### Action item
Would you output the whole of the data exactly?

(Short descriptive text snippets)
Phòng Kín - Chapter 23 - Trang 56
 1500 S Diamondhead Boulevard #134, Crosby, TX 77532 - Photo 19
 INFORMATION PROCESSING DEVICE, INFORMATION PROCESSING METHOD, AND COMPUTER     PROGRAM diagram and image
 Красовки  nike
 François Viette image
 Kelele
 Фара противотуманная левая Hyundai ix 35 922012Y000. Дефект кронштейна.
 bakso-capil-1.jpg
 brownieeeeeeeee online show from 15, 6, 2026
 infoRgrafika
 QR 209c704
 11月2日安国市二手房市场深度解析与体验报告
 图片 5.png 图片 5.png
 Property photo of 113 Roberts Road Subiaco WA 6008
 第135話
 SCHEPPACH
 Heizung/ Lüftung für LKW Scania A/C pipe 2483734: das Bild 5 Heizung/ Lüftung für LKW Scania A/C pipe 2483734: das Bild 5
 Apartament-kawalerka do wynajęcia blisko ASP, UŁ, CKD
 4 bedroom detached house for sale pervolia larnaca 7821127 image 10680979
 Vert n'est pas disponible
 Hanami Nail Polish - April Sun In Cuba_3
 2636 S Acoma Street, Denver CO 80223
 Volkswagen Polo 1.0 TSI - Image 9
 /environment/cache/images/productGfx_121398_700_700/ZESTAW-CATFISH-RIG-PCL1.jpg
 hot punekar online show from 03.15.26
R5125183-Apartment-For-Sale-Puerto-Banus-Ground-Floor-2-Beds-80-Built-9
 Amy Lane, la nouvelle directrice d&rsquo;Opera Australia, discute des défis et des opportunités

### Solution for this problem
Phòng Kín - Chapter 23 - Trang 56
 1500 S Diamondhead Boulevard #134, Crosby, TX 77532 - Photo 19
 INFORMATION PROCESSING DEVICE, INFORMATION PROCESSING METHOD, AND COMPUTER     PROGRAM diagram and image
 Красовки  nike
 François Viette image
 Kelele
 Фара противотуманная левая Hyundai ix 35 922012Y000. Дефект кронштейна.
 bakso-capil-1.jpg
 brownieeeeeeeee online show from 15, 6, 2026
 infoRgrafika
 QR 209c704
 11月2日安国市二手房市场深度解析与体验报告
 图片 5.png 图片 5.png
 Property photo of 113 Roberts Road Subiaco WA 6008
 第135話
 SCHEPPACH
 Heizung/ Lüftung für LKW Scania A/C pipe 2483734: das Bild 5 Heizung/ Lüftung für LKW Scania A/C pipe 2483734: das Bild 5
 Apartament-kawalerka do wynajęcia blisko ASP, UŁ, CKD
 4 bedroom detached house for sale pervolia larnaca 7821127 image 10680979
 Vert n'est pas disponible
 Hanami Nail Polish - April Sun In Cuba_3
 2636 S Acoma Street, Denver CO 80223
 Volkswagen Polo 1.0 TSI - Image 9
 /environment/cache/images/productGfx_121398_700_700/ZESTAW-CATFISH-RIG-PCL1.jpg
 hot punekar online show from 03.15.26
R5125183-Apartment-For-Sale-Puerto-Banus-Ground-Floor-2-Beds-80-Built-9
 Amy Lane, la nouvelle directrice d&rsquo;Opera Australia, discute des défis et des opportunités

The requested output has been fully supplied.